### About this task
Each line below must be set down exactly; omit any image you find.

### Data to examine
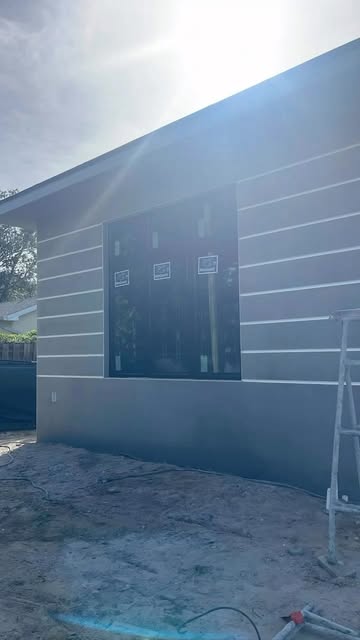 Exterior wall with horizontal stucco banding
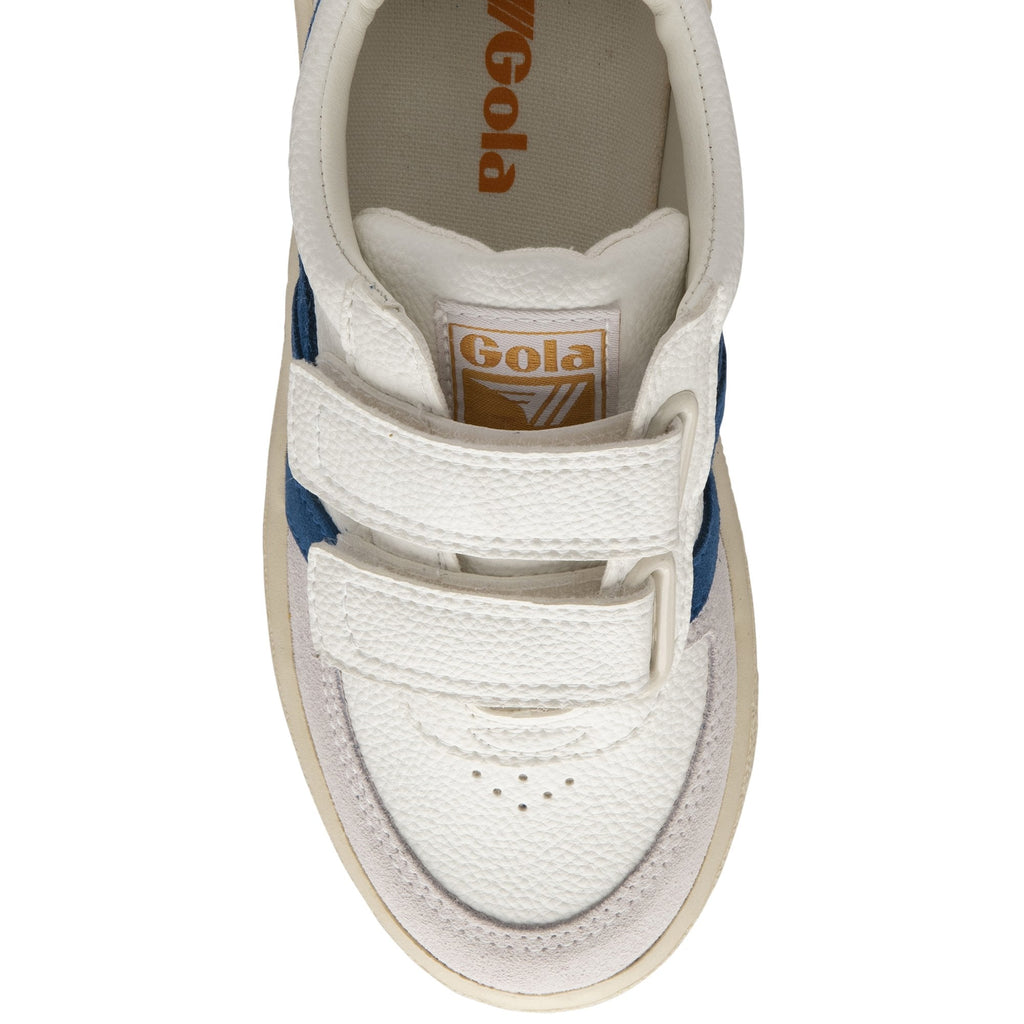 The top-down view of a white Gola sneaker with blue stripes and white velcro straps.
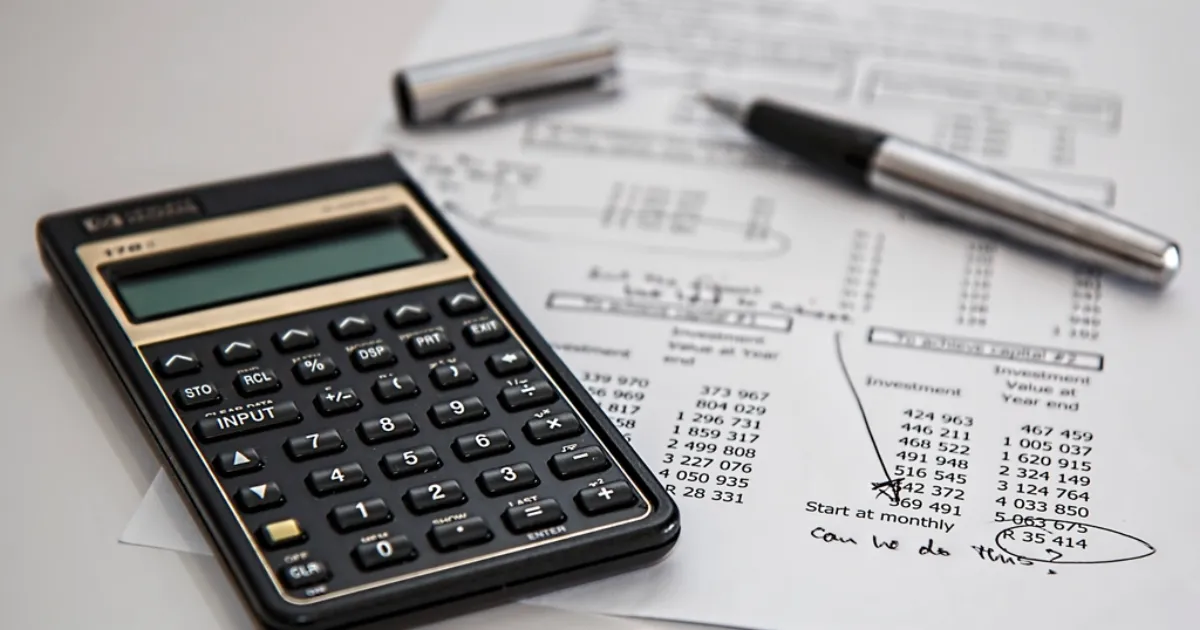 A black calculator and a silver pen lying on a printed sheet of figures with handwritten notes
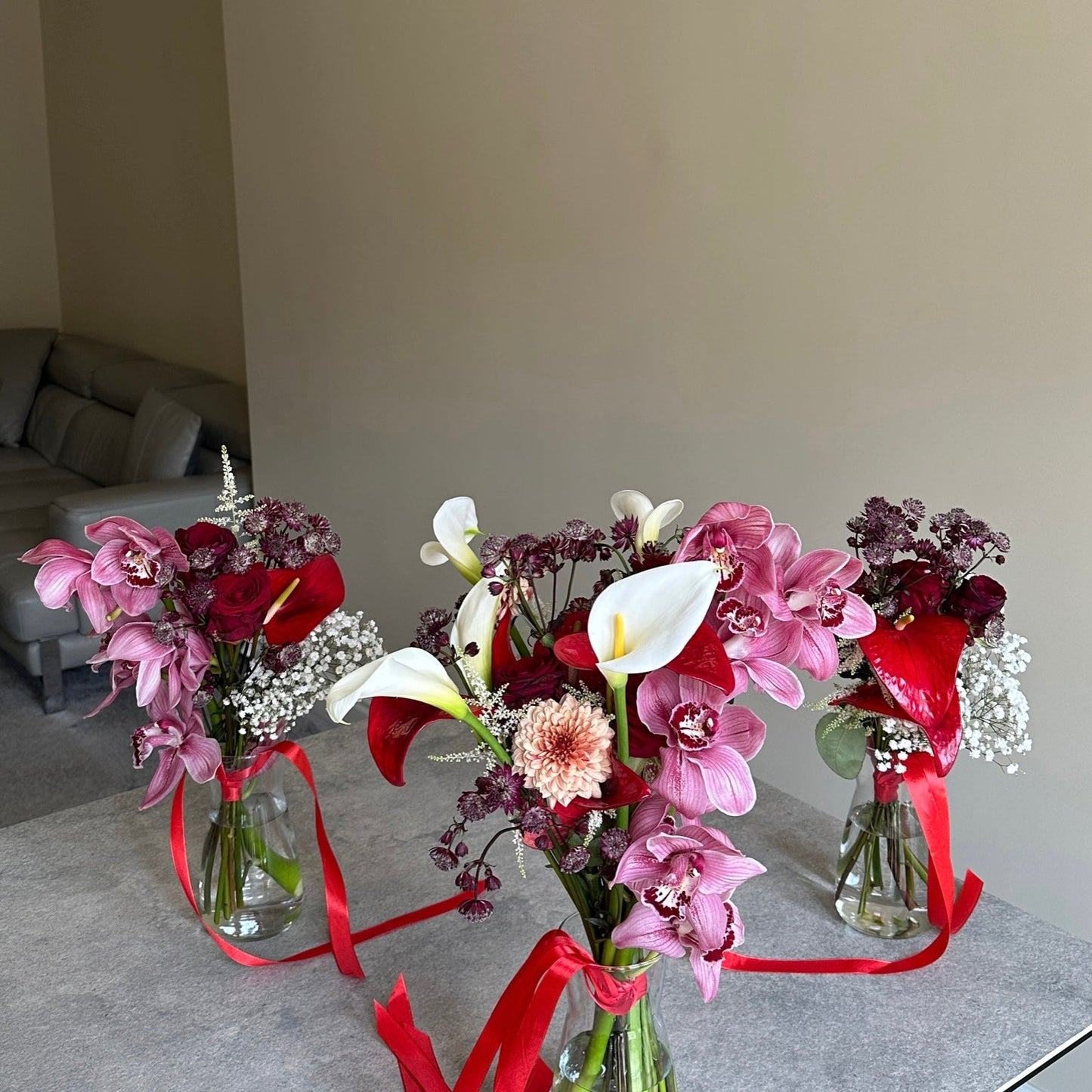 Two floral arrangements with pink and red flowers on a table.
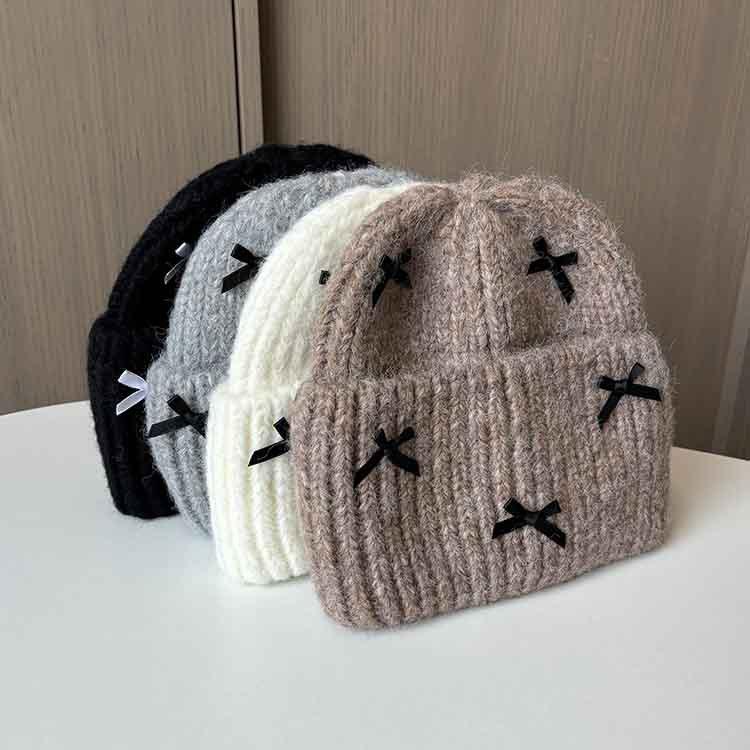 Wool hat women's autumn and winter new bow knitted hat shows a small face, warm ears, bag head, all-match cold hat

### Exercise output
 Exterior wall with horizontal stucco banding
 The top-down view of a white Gola sneaker with blue stripes and white velcro straps.
 A black calculator and a silver pen lying on a printed sheet of figures with handwritten notes
 Two floral arrangements with pink and red flowers on a table.
 Wool hat women's autumn and winter new bow knitted hat shows a small face, warm ears, bag head, all-match cold hat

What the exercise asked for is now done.